Monday, May 4, 2009 //i'm the rockstar 12:35 AM
its just.. complicated
sometimes, i can't see myself anymore.
i'm somewhat lost. i dont know what i really want in life
i dont see the point of doing things that i'm doing currently.
after studying in BIT for 2 weeks, i've came to a conclusion that it really aint the thing for me, i dont like business, neither do i like IT. i'm always thinking that i would be happier if i'm in chinese studies, chinese media, early childhood or community service & i know i would be cause thats my area of interest. i know i would be paying much more attention in class, cause its my passion. comparing to business. which is totally not my cup of tea. yes, i'm regretting. alot. but theres nth much i can do about it already. accept the fate that i've fallen into this. and therefore the only way i can see out of this "i dont like my future work" is to succeed in very singer (非常歌手) i'm left with no other choice, currently.

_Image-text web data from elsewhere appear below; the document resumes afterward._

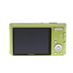 Sony Cyber-Shot DSC-W530 Digital Camera Green {14.1MP} thumbnail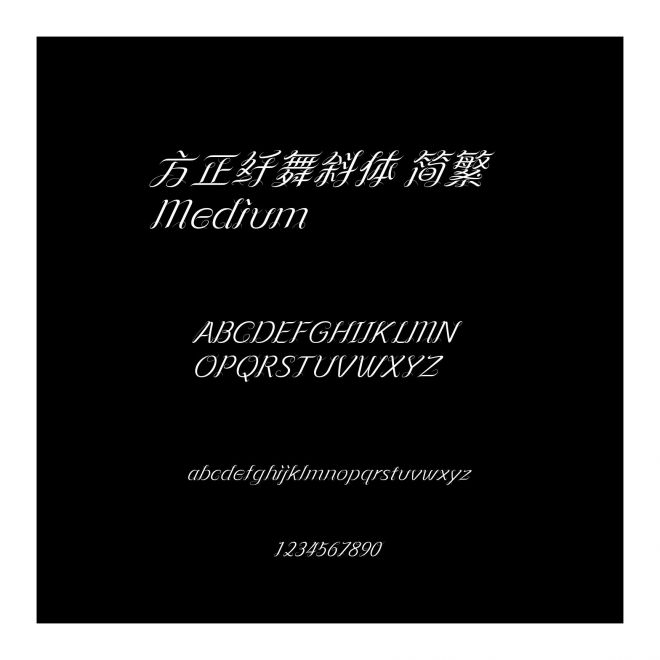 方正纖舞斜體 簡繁 Medium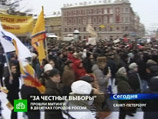 Петербургские оппозиционеры, подобно московским, подали заявку на проведение шествия и митинга 4 февраля Петербургские оппозиционеры, подобно московским, подали заявку на проведение шествия и митинга 4 февраля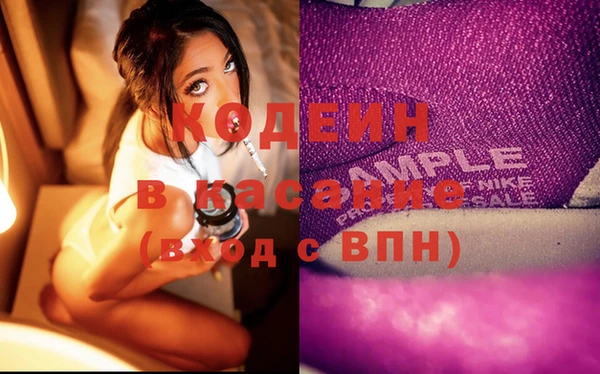 mix Абинск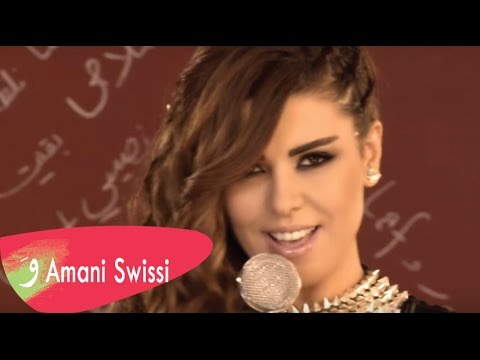Amani Swissi Ellila Lilty Music Video أماني السويسي الليله ليلتي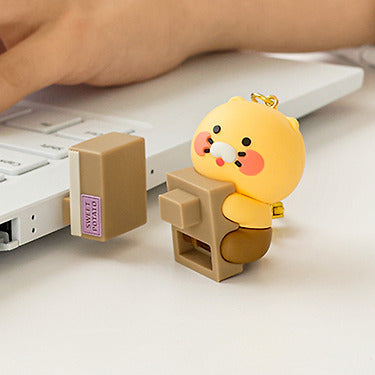 Kakao Friends - 64gb Usb Figurine Keychain Chunsik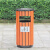 小区室外环卫收纳钢木垃圾桶果皮箱 户外分类垃圾桶 镀锌板+塑木（咖啡色
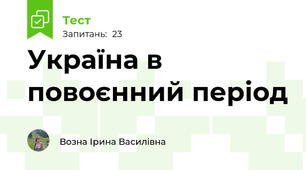  Україна в повоєнний період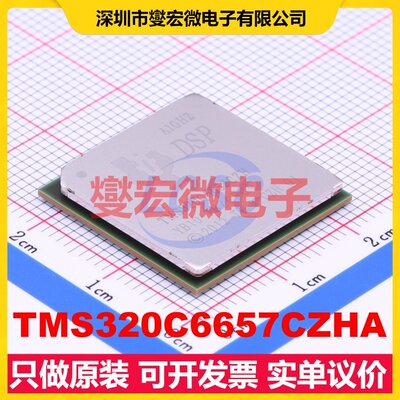 TMS320C6657CZHA FCBGA-625 MCU/MPU/SOC微处理器控制器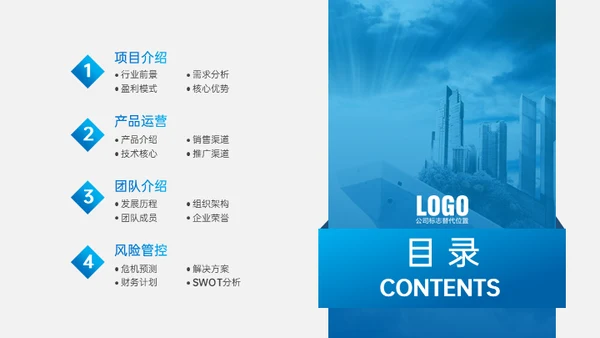 船上城市房地产商业计划书通用PPT模板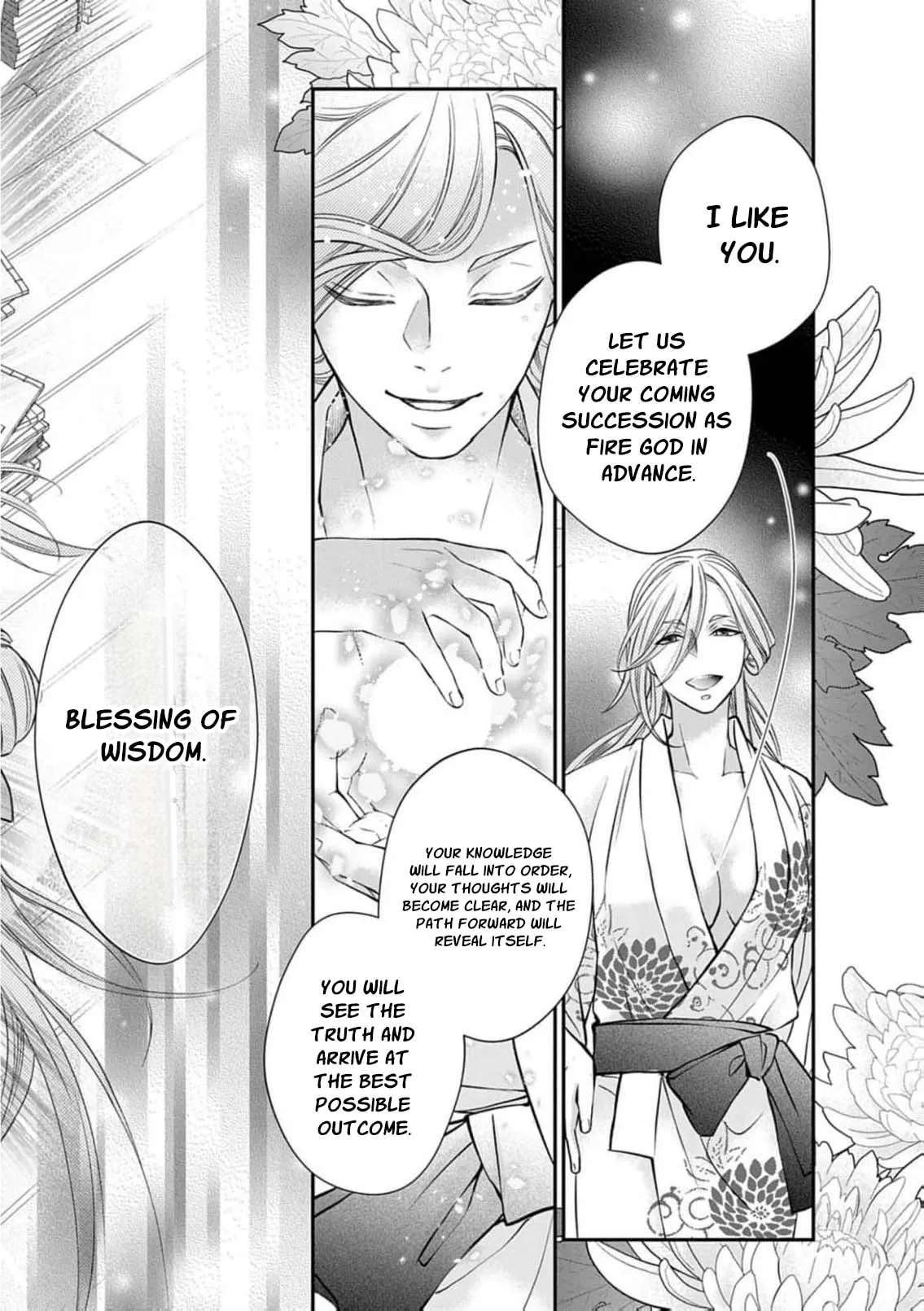 From a worthless maid to a pampered bride Chapter 59 - page 38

but sadly, the exams for verysinger isaround the corner, and my poor voice have yet to recover, my stage fright is still there. i still can't sing properly on stage. i cant sing infront of many ppl yet. yes, i need ppl to practice with. ughhh!
i feel terrible at times, but i feel guilty for feeling terrible. cmon, tell me what is this.i'm suppose to be strong, to be firm, to be happy. not j. i'm suppose to smile and not look dead. betty chan, i know you know whats the best solution for everyone, so please continue doing what you're doing, stop getting affected, isolation! be happy!